Darbeyi yapan Roboski'yi Sur'u bombalayan militarist yapıdır!

09:11

Ruken Tuncel/JINHA

İSTANBUL - Darbe girişiminin ardından son 4 gündür yaşananları değerlendiren Avukat Eren Keskin, “Darbeyi yapanlar Roboski’yi ,Sur’u bombalayandır. Devlet içindeki militarist yapıdır” dedi.

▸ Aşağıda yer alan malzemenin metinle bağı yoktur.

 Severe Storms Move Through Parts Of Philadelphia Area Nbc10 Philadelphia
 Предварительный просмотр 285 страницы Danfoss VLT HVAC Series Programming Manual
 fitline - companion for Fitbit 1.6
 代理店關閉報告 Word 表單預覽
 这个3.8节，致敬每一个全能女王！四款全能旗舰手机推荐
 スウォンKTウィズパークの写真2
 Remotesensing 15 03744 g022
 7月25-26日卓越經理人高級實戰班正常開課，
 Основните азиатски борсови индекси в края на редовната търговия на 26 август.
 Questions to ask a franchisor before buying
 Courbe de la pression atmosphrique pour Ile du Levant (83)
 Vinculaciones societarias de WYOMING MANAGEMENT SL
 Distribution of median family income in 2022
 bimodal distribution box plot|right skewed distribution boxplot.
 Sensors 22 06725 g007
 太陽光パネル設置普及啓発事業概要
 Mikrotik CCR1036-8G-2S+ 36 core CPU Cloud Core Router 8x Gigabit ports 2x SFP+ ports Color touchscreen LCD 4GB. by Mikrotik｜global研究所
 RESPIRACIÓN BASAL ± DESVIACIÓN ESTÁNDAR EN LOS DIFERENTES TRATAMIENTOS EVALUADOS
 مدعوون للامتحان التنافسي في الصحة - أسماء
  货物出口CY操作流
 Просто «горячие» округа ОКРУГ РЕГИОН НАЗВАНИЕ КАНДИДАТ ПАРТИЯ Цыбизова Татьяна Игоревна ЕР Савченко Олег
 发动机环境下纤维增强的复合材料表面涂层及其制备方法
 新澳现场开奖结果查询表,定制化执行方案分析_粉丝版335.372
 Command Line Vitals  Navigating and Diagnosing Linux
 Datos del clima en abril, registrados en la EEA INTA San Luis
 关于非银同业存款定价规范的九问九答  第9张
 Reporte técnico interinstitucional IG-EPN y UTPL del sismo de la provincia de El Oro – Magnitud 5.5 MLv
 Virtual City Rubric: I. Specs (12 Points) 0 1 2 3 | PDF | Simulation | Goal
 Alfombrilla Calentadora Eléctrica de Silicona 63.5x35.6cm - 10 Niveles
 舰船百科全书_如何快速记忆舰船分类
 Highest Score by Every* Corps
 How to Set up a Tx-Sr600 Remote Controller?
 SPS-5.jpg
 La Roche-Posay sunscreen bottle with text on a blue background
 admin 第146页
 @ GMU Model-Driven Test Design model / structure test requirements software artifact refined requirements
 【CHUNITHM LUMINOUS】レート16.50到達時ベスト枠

İktidar ve Cumhurbaşkanı Tayyip Erdoğan tarafından bastırıldığı ifade edilen darbe girişimi sokaklarda sıcaklığını hala daha koruyor. Bir taraftan Alevilerin yaşadıkları mahallere saldırılar düzenlenirken, diğer taraftan kadınlar sokak ortasında saldırıya maruz kalıyor. Peki, Türkiye gerilimin hat safhada olduğu şu günlere nasıl geldi? Darbe girişimi söylediği gibi cemaat tarafından mı yapıldı yoksa iktidar kurgusu muydu?
“Bastırılırken” ortaya çıkan manzara insan hakları ve hukuk düzeni içerisinde ne ifade ediyor?

Son 4 günde yaşananları konuştuğumuz insan hakları savunucu Avukat Eren Keskin, 15 Temmuz akşamı yaşanan darbe girişiminin militarist yapı tarafından düzenlediğini belirterek; kurgusal bir darbe değil, gerçek bir darbe yaşandığını söyledi.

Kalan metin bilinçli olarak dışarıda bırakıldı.